What you need to do — Pictures aside, return every line below exactly as written.
START Material for this exercise
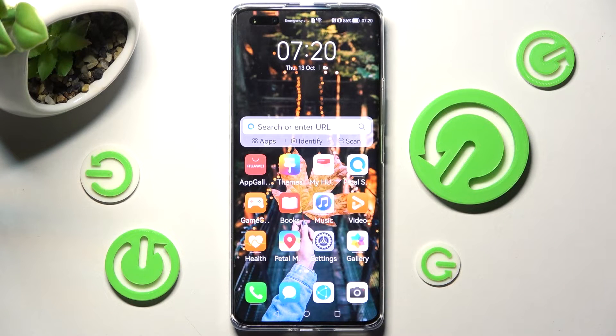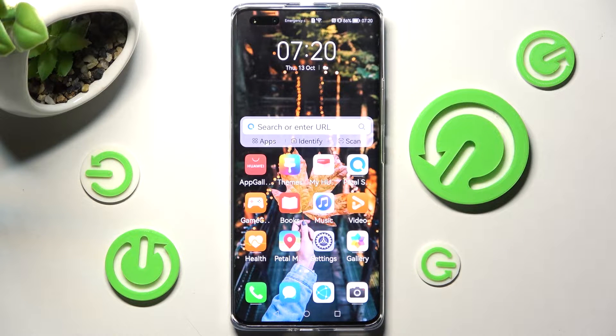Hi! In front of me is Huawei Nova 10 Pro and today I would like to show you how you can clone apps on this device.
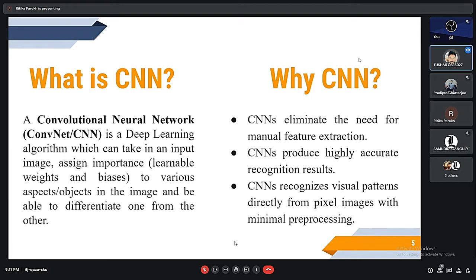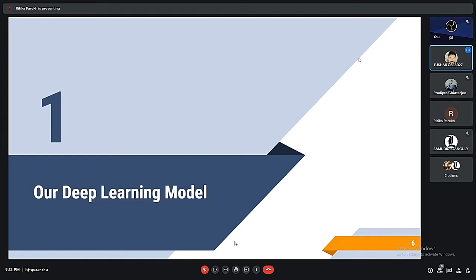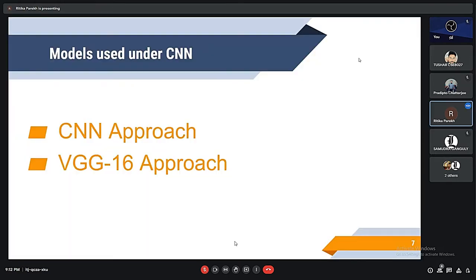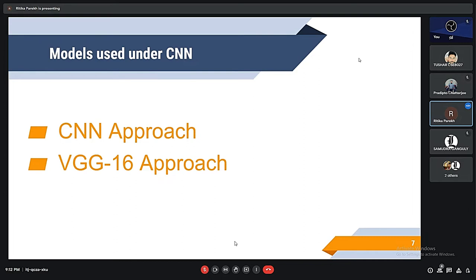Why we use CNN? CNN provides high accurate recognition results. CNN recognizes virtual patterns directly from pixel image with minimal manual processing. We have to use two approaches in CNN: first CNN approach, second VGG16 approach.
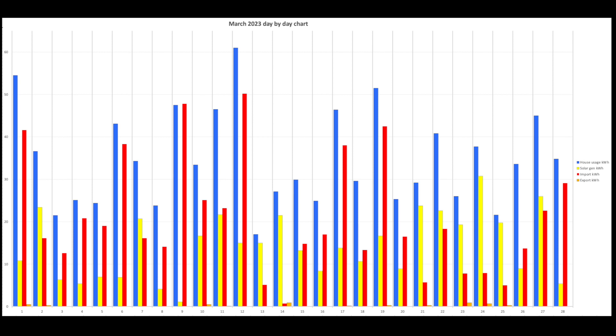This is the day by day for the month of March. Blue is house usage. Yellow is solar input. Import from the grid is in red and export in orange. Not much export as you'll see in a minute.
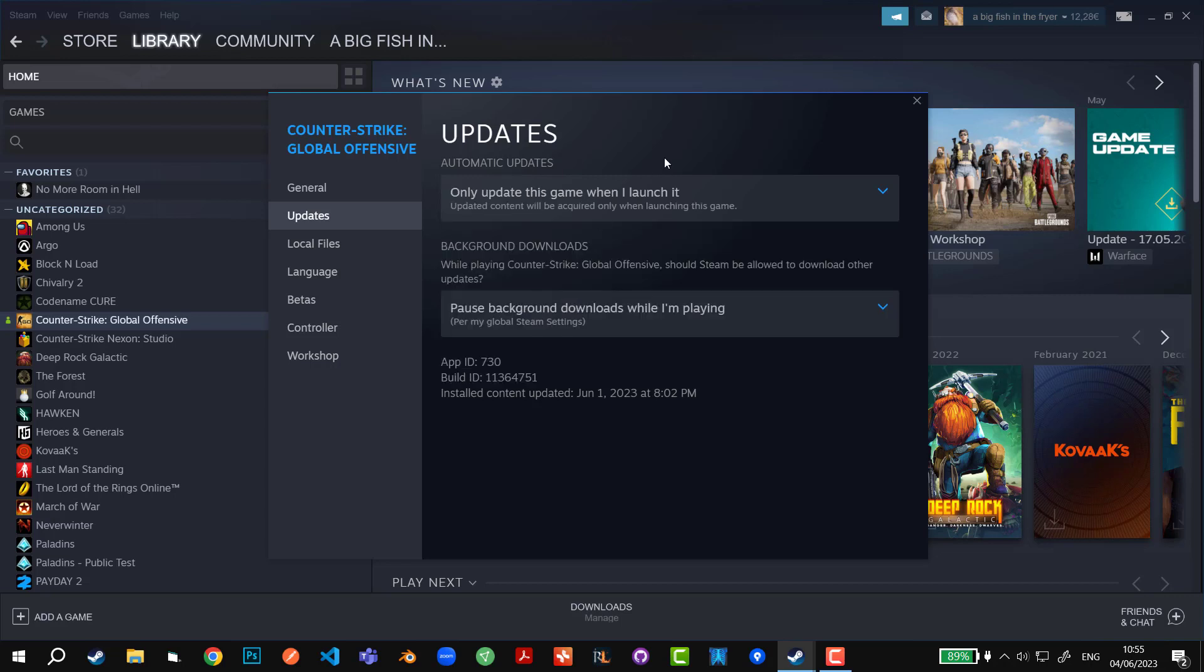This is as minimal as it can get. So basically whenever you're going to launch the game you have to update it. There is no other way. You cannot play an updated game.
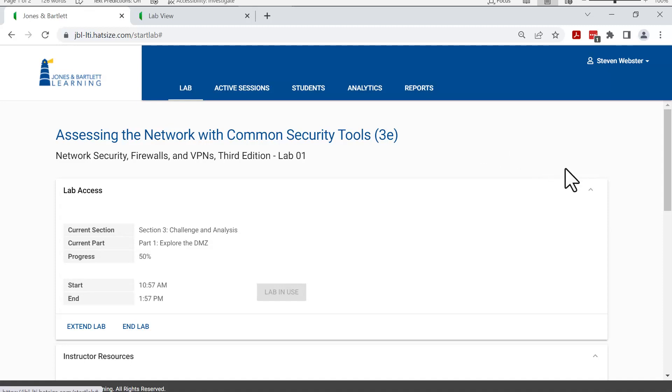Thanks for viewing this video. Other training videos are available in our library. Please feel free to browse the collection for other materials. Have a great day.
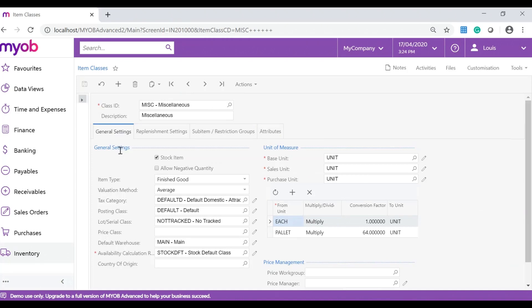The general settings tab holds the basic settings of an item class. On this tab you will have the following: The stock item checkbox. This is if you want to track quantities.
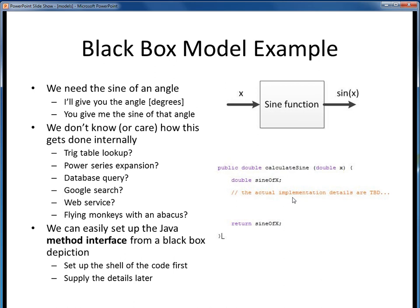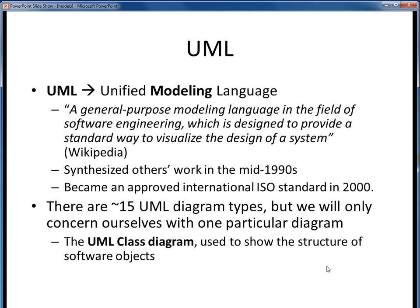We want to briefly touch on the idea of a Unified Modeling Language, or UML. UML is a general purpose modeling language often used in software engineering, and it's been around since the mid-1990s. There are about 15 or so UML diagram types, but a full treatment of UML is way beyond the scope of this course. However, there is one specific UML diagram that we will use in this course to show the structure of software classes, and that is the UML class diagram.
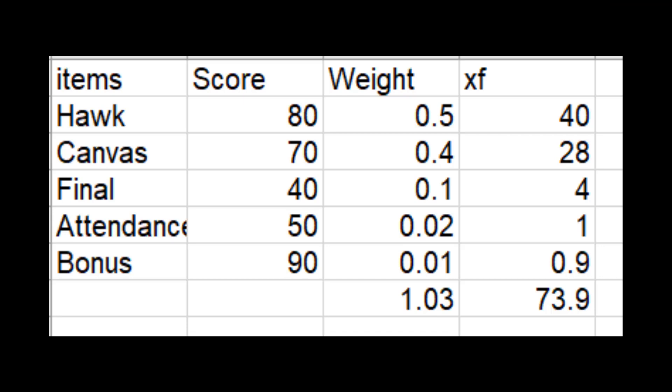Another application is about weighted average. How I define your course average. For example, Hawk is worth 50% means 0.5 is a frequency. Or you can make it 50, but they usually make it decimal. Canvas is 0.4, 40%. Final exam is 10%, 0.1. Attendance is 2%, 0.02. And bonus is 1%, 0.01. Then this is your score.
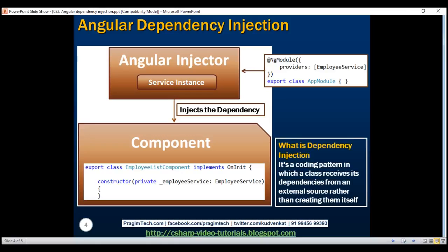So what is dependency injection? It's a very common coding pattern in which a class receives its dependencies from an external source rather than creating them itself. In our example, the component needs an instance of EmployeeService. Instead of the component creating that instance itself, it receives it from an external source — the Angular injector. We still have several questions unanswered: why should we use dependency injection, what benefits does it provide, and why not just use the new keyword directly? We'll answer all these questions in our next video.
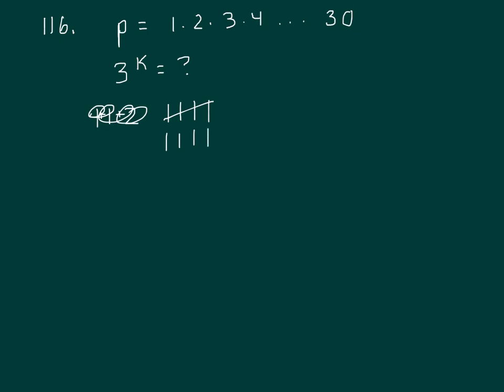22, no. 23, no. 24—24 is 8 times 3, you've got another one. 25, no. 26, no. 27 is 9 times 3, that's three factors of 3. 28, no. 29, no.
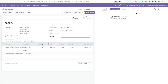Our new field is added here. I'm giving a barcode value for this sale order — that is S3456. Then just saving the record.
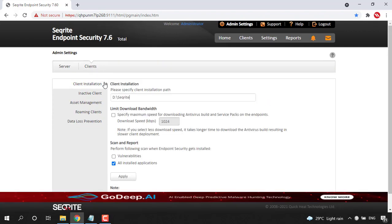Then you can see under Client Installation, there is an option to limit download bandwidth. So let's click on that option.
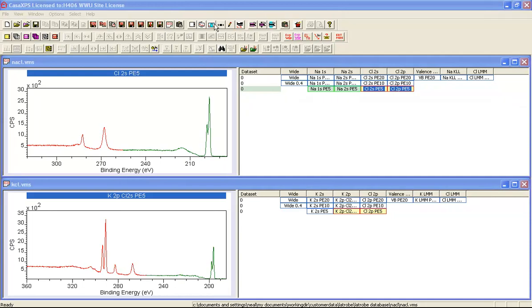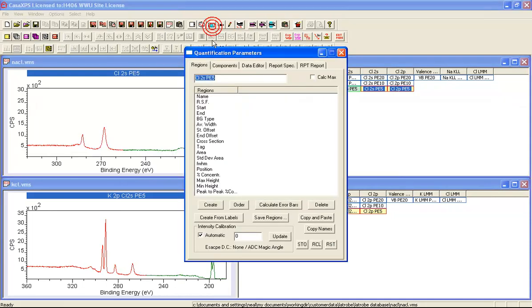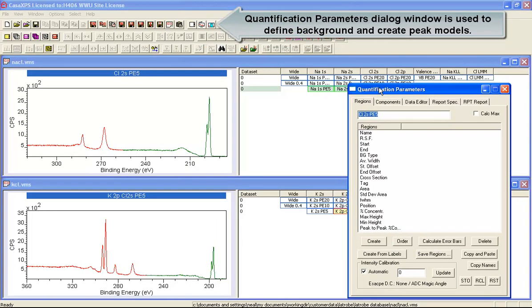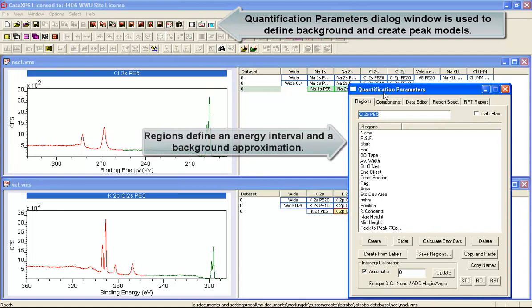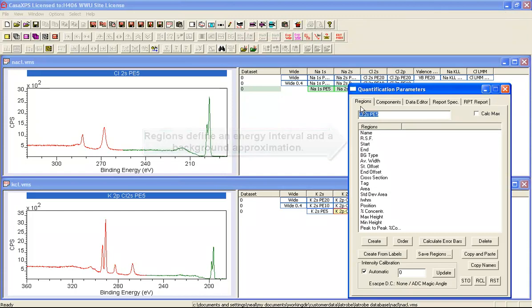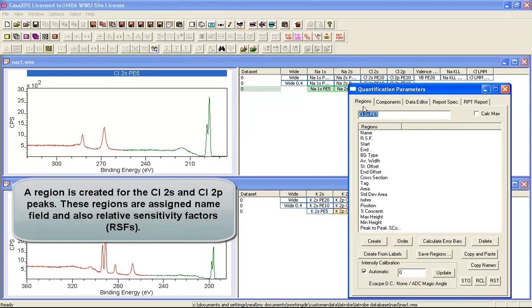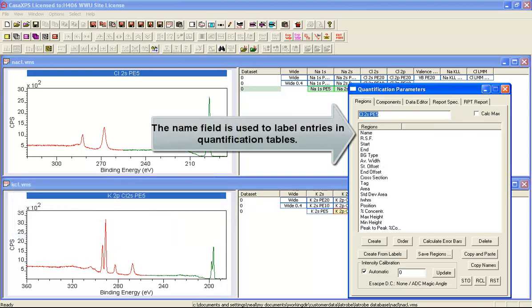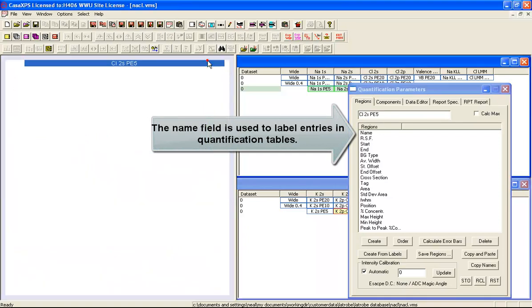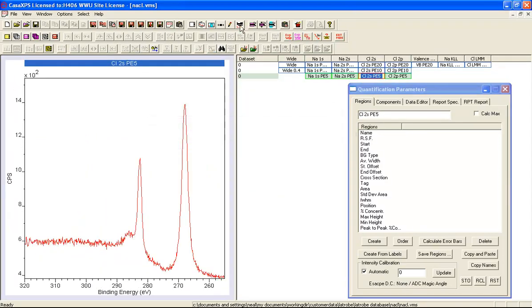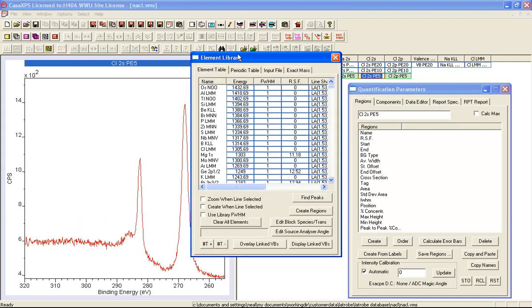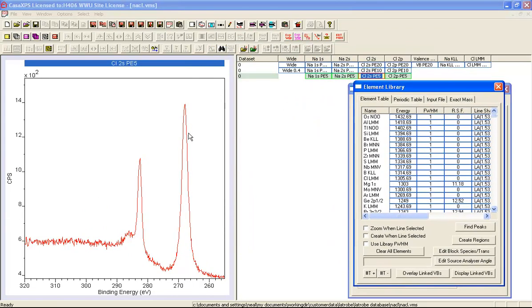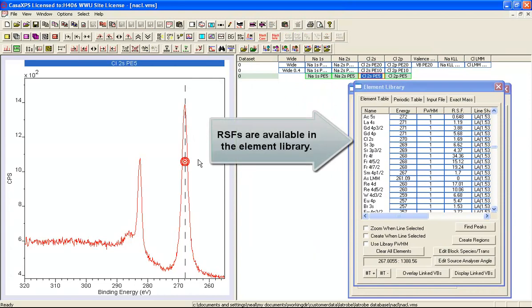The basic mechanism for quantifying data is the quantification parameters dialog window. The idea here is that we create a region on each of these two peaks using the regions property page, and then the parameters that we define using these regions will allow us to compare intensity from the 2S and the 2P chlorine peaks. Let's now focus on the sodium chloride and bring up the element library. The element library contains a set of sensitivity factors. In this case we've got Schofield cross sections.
END Material for this exercise
Answer —
Hi! In front of me is Huawei Nova 10 Pro and today I would like to show you how you can clone apps on this device.
Why we use CNN? CNN provides high accurate recognition results. CNN recognizes virtual patterns directly from pixel image with minimal manual processing. We have to use two approaches in CNN: first CNN approach, second VGG16 approach.
This is the day by day for the month of March. Blue is house usage. Yellow is solar input. Import from the grid is in red and export in orange. Not much export as you'll see in a minute.
This is as minimal as it can get. So basically whenever you're going to launch the game you have to update it. There is no other way. You cannot play an updated game.
Thanks for viewing this video. Other training videos are available in our library. Please feel free to browse the collection for other materials. Have a great day.
The general settings tab holds the basic settings of an item class. On this tab you will have the following: The stock item checkbox. This is if you want to track quantities.
We want to briefly touch on the idea of a Unified Modeling Language, or UML. UML is a general purpose modeling language often used in software engineering, and it's been around since the mid-1990s. There are about 15 or so UML diagram types, but a full treatment of UML is way beyond the scope of this course. However, there is one specific UML diagram that we will use in this course to show the structure of software classes, and that is the UML class diagram.
Another application is about weighted average. How I define your course average. For example, Hawk is worth 50% means 0.5 is a frequency. Or you can make it 50, but they usually make it decimal. Canvas is 0.4, 40%. Final exam is 10%, 0.1. Attendance is 2%, 0.02. And bonus is 1%, 0.01. Then this is your score.
So what is dependency injection? It's a very common coding pattern in which a class receives its dependencies from an external source rather than creating them itself. In our example, the component needs an instance of EmployeeService. Instead of the component creating that instance itself, it receives it from an external source — the Angular injector. We still have several questions unanswered: why should we use dependency injection, what benefits does it provide, and why not just use the new keyword directly? We'll answer all these questions in our next video.
22, no. 23, no. 24—24 is 8 times 3, you've got another one. 25, no. 26, no. 27 is 9 times 3, that's three factors of 3. 28, no. 29, no.
Our new field is added here. I'm giving a barcode value for this sale order — that is S3456. Then just saving the record.
Then you can see under Client Installation, there is an option to limit download bandwidth. So let's click on that option.
The basic mechanism for quantifying data is the quantification parameters dialog window. The idea here is that we create a region on each of these two peaks using the regions property page, and then the parameters that we define using these regions will allow us to compare intensity from the 2S and the 2P chlorine peaks. Let's now focus on the sodium chloride and bring up the element library. The element library contains a set of sensitivity factors. In this case we've got Schofield cross sections.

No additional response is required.